### [PROBLEM DESCRIPTION]
Word for word, repeat the records, leaving every picture behind.

### [DATA SUPPLIED]
——————
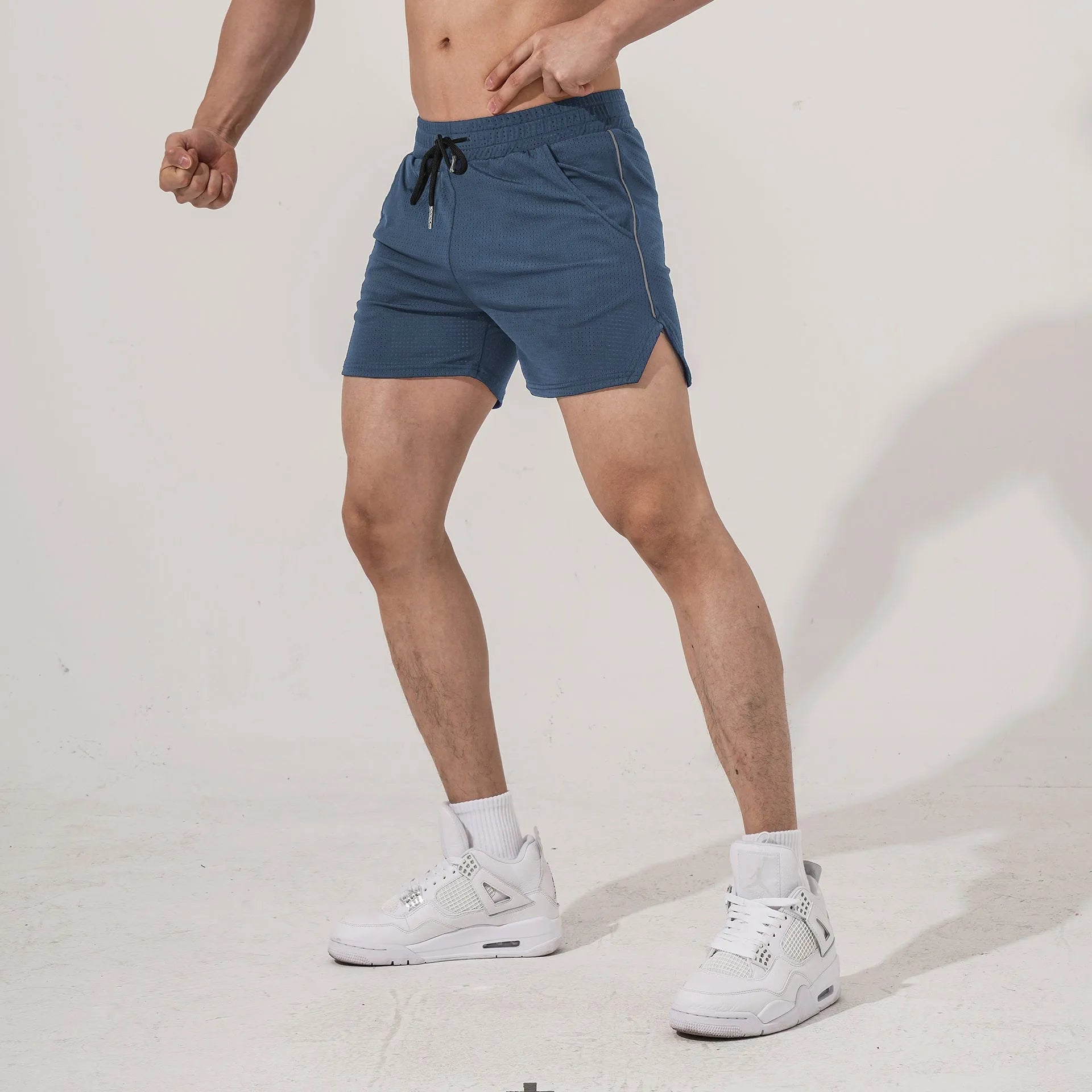 Men's straight-leg polyester sports shorts in black, available in sizes up to 3XL
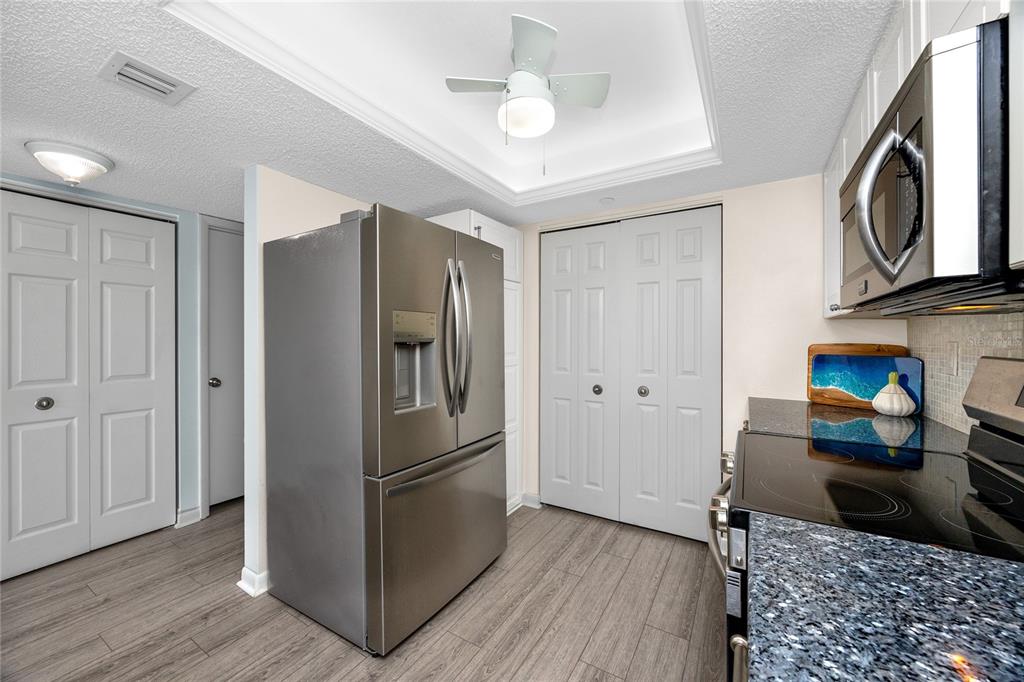 1300 Gulf Boulevard, Unit 301 Indian Rocks Beach, FL 33785 - Photo 7 of 46 a kitchen with stainless steel appliances granite countertop a refrigerator a stove and a sink with wooden floor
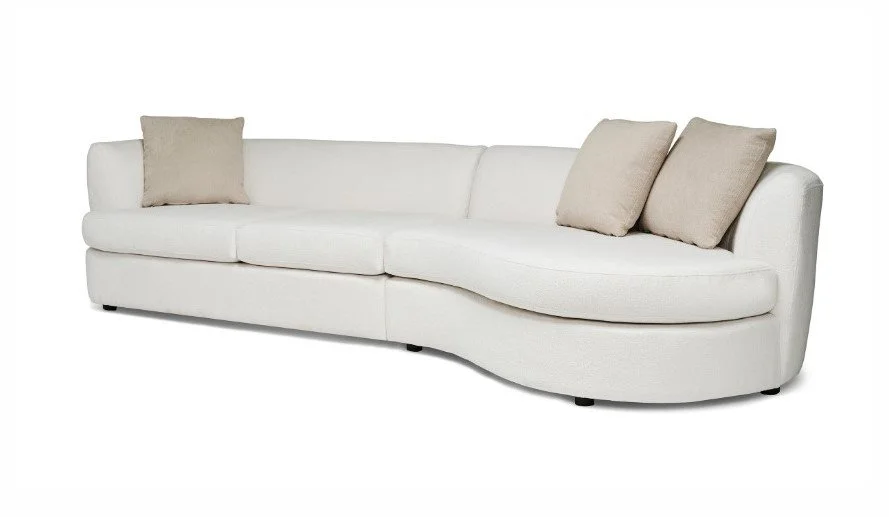 White sectional sofa with beige cushions in a living room.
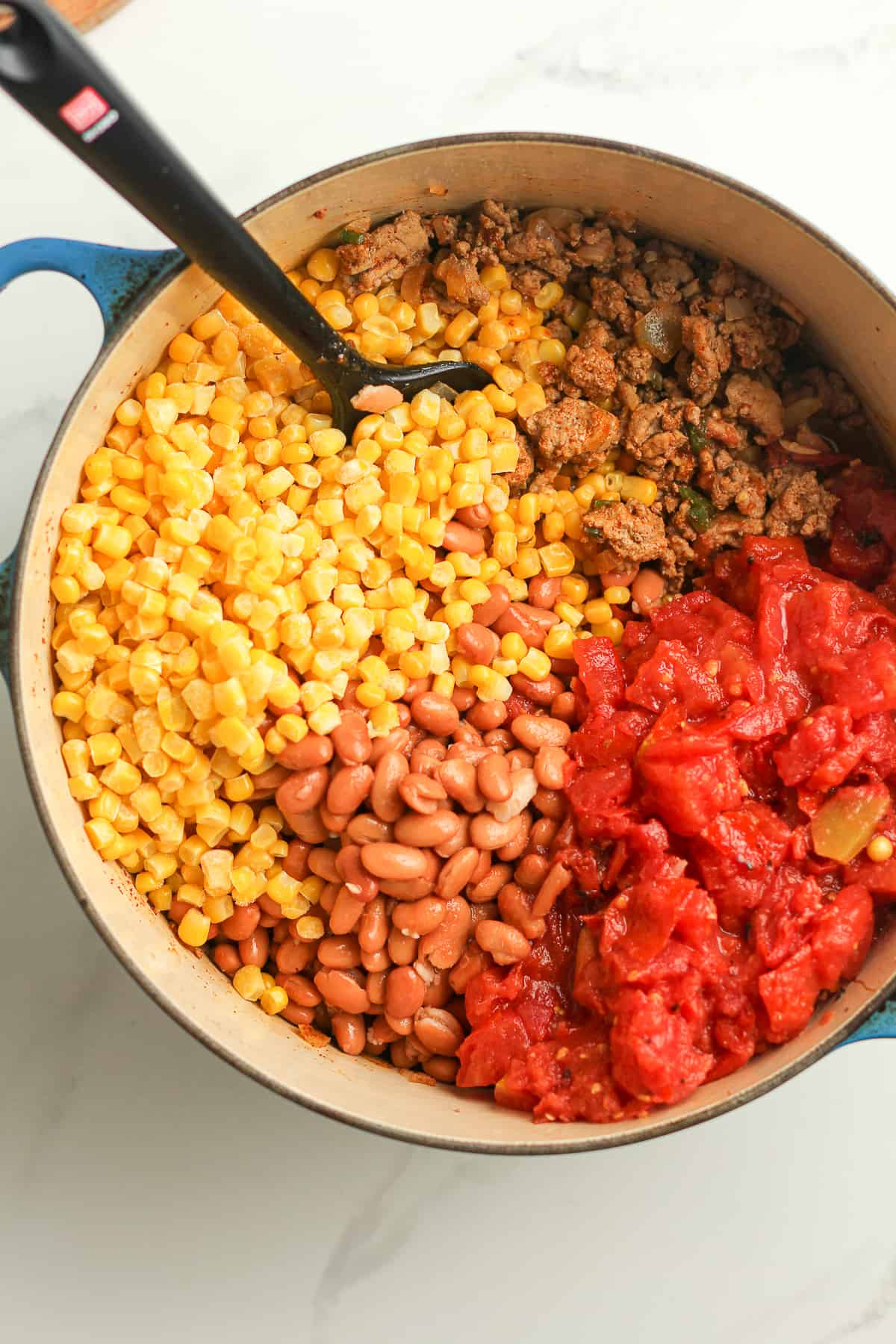 The soup pot with the corn, beans, and tomatoes on top.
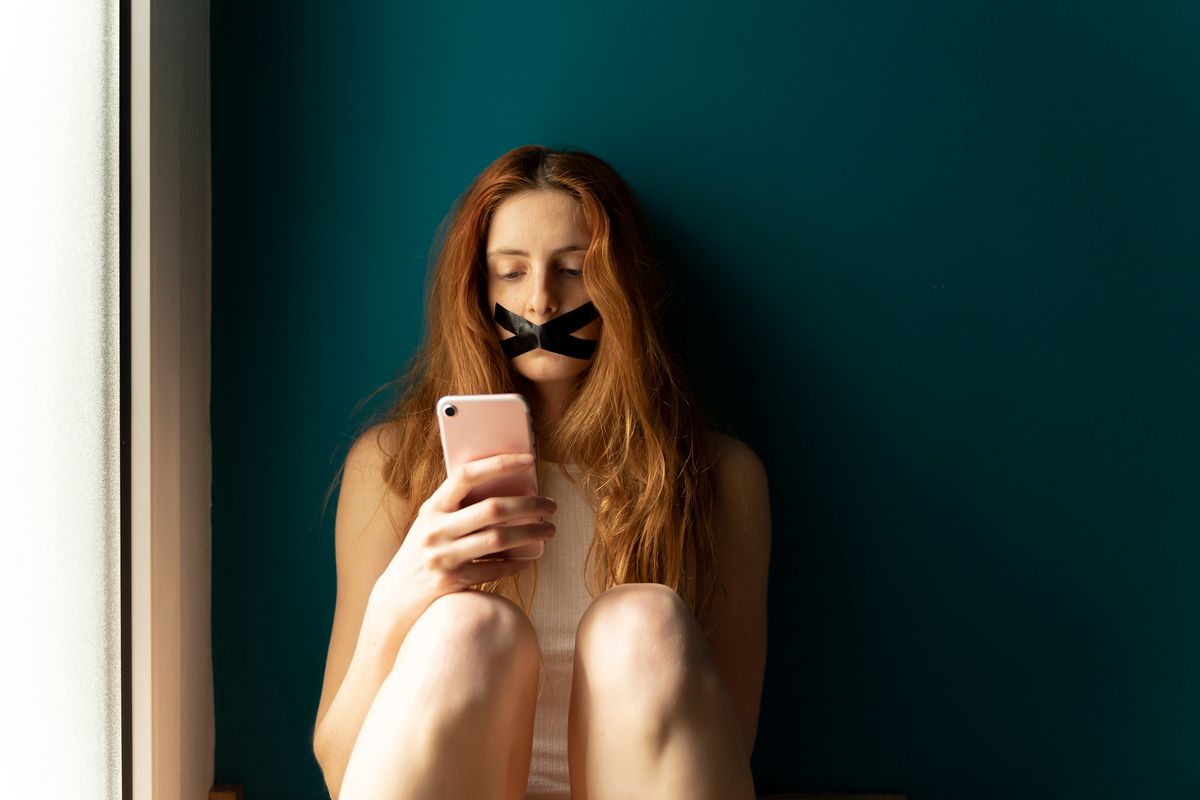 A young woman with tape on her mouth using a smartphone.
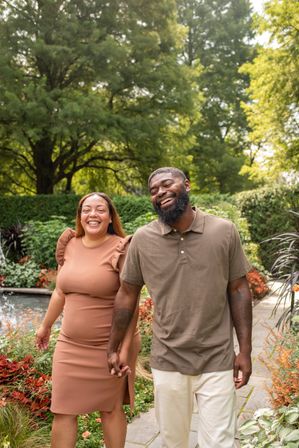 Smiling couple strolling hand-in-hand along a lush botanical garden path surrounded by trees, colorful flowers, and a small pond.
——————
### [ANSWER TO THIS TASK]
 Men's straight-leg polyester sports shorts in black, available in sizes up to 3XL
 1300 Gulf Boulevard, Unit 301 Indian Rocks Beach, FL 33785 - Photo 7 of 46 a kitchen with stainless steel appliances granite countertop a refrigerator a stove and a sink with wooden floor
 White sectional sofa with beige cushions in a living room.
 The soup pot with the corn, beans, and tomatoes on top.
 A young woman with tape on her mouth using a smartphone.
 Smiling couple strolling hand-in-hand along a lush botanical garden path surrounded by trees, colorful flowers, and a small pond.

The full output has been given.